In the event, the investors can only twiddle their thumbs nervously at the prospect of CIL having to meet 80 per cent of the coal requirements of these plants, as mentioned in the FSA, whether through mining in India or by importing from abroad. In short, by moving heaven and earth.
Penalty clause
But the directive seems to have left a vital issue — penalty for non-compliance with the FSA — delightfully vague, in fact, unquantified. The Coal Minister, Mr Sriprakash Jaiswal, has interpreted this to mean that the penalty would be decided by the Board of Directors of CIL. Touché. Since when did international and Indian jurisprudence allow a defaulter to write his own punishment? Markets with taut nerves in the wake of the Presidential directive might perhaps breathe easy at the laughably benign penalty clause.
The government's pummelling of CIL has had quite a few sidelights. First, the assertion of independent directors: They put their foot down and refused to sell cheap, besides refusing to commit themselves to an onerous FSA. But what can they do in the face of a Presidential directive?
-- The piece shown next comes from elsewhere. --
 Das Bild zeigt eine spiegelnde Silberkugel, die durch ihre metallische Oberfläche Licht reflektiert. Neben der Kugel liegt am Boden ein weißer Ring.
Their courage must, nevertheless, be lauded, given that independent directors are generally considered to be apathetic, if not spineless – recall l'affaire Satyam.
Many right-thinking people would wonder as to whether the Maharatna status means anything at all, if a company cannot be the arbiter of its own commercial fortunes, more so when it is listed on the Bombay Stock Exchange.
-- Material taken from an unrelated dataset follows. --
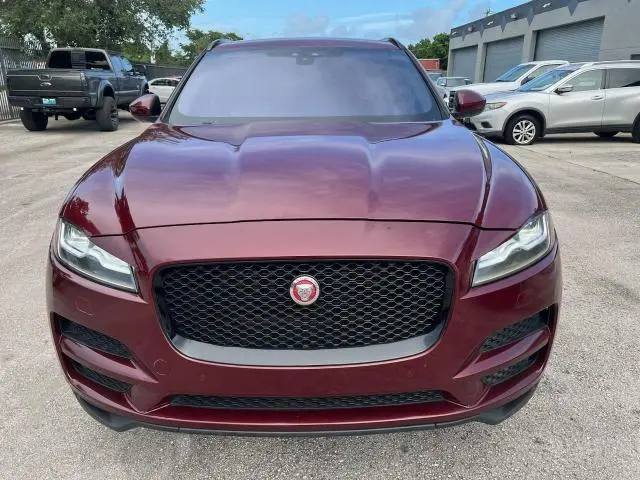 2017 JAGUAR F-PACE PRESTIGE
Be that as it may, investors perhaps may not take a dim view of Section 619 of the Companies Act, which wrenches away from the boards of government companies, and by extension from their shareholders, the right to appoint the auditor of their choice. These companies have to submit themselves to the CAG regimen, including the appointment of an auditor from the panel maintained by the CAG.
Investors may, in fact, be happy that CAG is one auditing institution that inspires confidence in people, despite its being pilloried in some quarters for rushing out with brash figures of opportunity losses by certain government companies, including CIL.
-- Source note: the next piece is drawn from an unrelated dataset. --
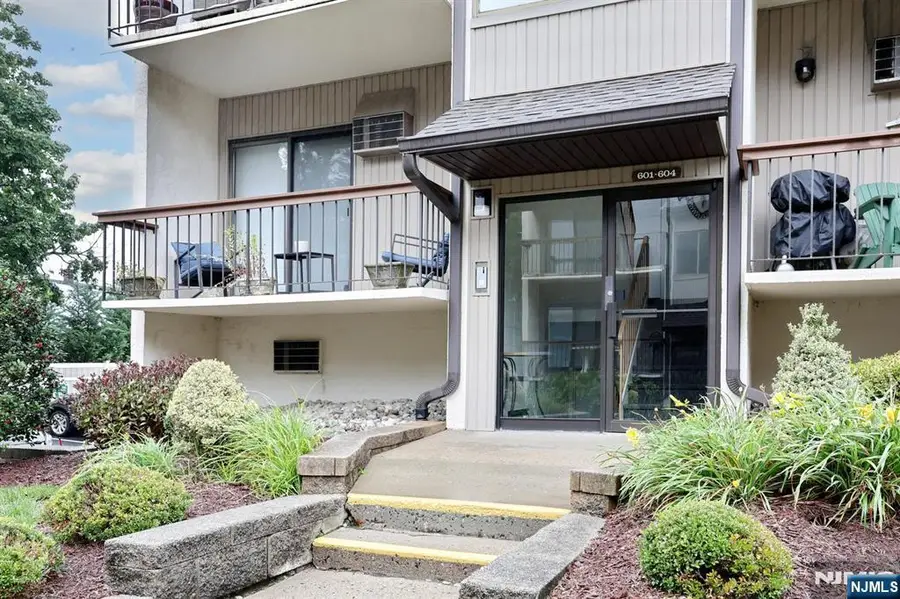 602 West Ridge Mews 602, Wood Ridge, NJ 07075 - #2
The following Section 620, however, is an implicit risk factor by itself for all government companies. For, it says that the Central Government, by a notification, may mandate peremptorily that the specified sections of the Act do not apply to government companies, or apply as modified by the notification.
Who knows, using this power, the next act of ham-handedness could be keeping out the accounting minutiae from public scrutiny, lest those like the Children's Investment Fund of the UK ask some inconvenient and troubling questions.
Impact on divestment
Anyway, the Presidential directive would have the effect of reducing interest in future sell-offs by the government. The disinvestment process would receive a setback. What was known already — incompatibility in the twin roles of the government, investor and regulator — has now come into prominent relief. Ironically, CIL shareholders' loss could spell partial gains for the shareholders of another government behemoth, NTPC, which could actually benefit from the FSA. Right now, only fuel suppliers are on the mat. What investors like Children's Investment Fund are asking with injured innocence could well be asked in the context of state-owned oil marketing companies as well.